STANFORD (US) — Scientists have developed computational models of the earthquake and resulting tsunami that devastated Japan in 2010 in order to predict disasters of the same scale.

When the magnitude 9.0 earthquake struck off the coast of Japan in March, it triggered a tsunami that killed more than 20,000 people and destroyed entire cities. It was the largest earthquake ever recorded in Japan, and the scale of the disaster stunned even geophysicists who specialize in earthquake science.

“In this earthquake it was really surprising that we got such a large seafloor uplift and such a large tsunami,” says Eric Dunham, assistant professor of geophysics at Stanford University.


“Before this earthquake, before we had these detailed measurements, it was thought that this upper part of the fault would not slip in one of these large earthquakes.

“The extreme amounts of slip in the upper part of the fault led to a large amount of uplift in the seafloor, and then that uplifted the column of water that sloshed back down and created this large tsunami,” he says.

Measurements from the quake zone show that the fault slipped about 20 meters, and the seafloor lifted up about 7 meters.

“This is essentially a third of a football field the plate was displaced horizontally, and the seafloor lifted up about the height of a two-story building,” says Jeremy Kozdon, a postdoctoral research fellow who has been working with Dunham to create computational models to pinpoint the cause of the devastating tsunami.

“It was expected that there would be large earthquakes in this region, but it wasn’t expected that there would be a magnitude 9.0. And it wasn’t expected that there would be a large tsunami, or at least a tsunami of this size.”

The undersea mega-thrust earthquake happened off Japan’s northeast coast in an area known as a subduction zone, where the Pacific Plate plunges beneath the Japanese islands.
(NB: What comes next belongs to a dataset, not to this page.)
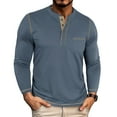 thumbnail image 2 of UVEASISHA Business Casual Henley Shirts for Men Cotton Long Sleeve Pullover Tops Fall Fashion Button Up T-Shirt with Chest Pocket Gray 3XL, 2 of 8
The physics-driven computer models suggest that the large seafloor uplift and resulting tsunami were caused when seismic waves from the initial earthquake bounced back down from the seafloor above and caused the plates to slip more than had previously been expected.

“Our models show that as the rupture propagates up the fault, waves reflect off the seafloor [and] come back down to the fault,” says Dunham.
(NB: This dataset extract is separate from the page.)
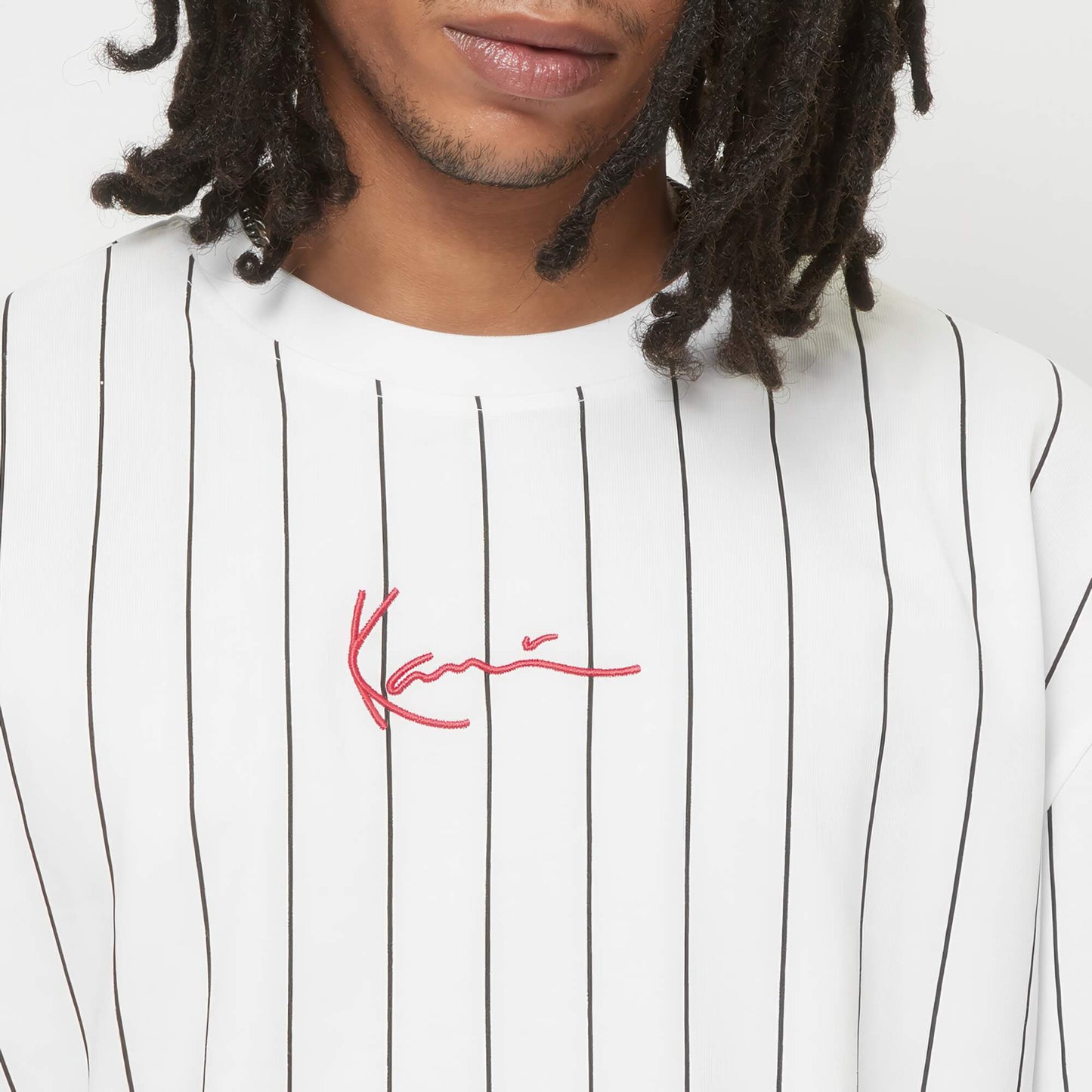 Pánske tričko Karl Kani KK Small Signature Pinstripe Tee biele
“They serve to unclamp the fault, release the pressure that’s acting on it, and allow it to slip.”

The complex computations are run on high-performance parallel computers at Stanford and in Texas.

“To give you a sense of the computational scale of these problems, they take about 30 to 60 hours on a thousand processors,” says Kozdon.

“If we were to run this on a single machine, it would take about eight years to do these simulations, whereas we can do them in a day or two.”

Dunham and Kozdon wrote specialized computer code, which allows their models to incorporate the changing speed of seismic waves as they travel through different types of rock.

“One of the unique capabilities of our research group is that our code that we’ve created—and the method that we’ve developed—is capable of handling these really complex geometries,” says Kozdon.

“Waves propagate in these different types of rock and they interact with each other, and that creates really complex wave fields.”

The scientists hope these computer models will help to predict where future tsunamis might occur.

“What we found in our simulations, in certain cases, the rupture will actually stop short of the sea floor and that will lead to a smaller tsunami.

“In other cases we’ve been able to identify the conditions where the rupture can propagate all the way up to the seafloor, cause a large seafloor uplift, and cause a large tsunami.”

Several tsunami hazard regions are in the United States, including the Cascadia subduction zone off the coast of Washington state. Kozdon said computer simulations like the one they performed on the Tohoku-Oki earthquake in Japan could help assess the tsunami risk associated with those faults.

“We need to be able to do simulations that have as much physics as possible, to really be able to quantify the hazards associated with these earthquakes,” said Kozdon.

“We can begin to study these really complex earthquakes in these really complex regions of the world.”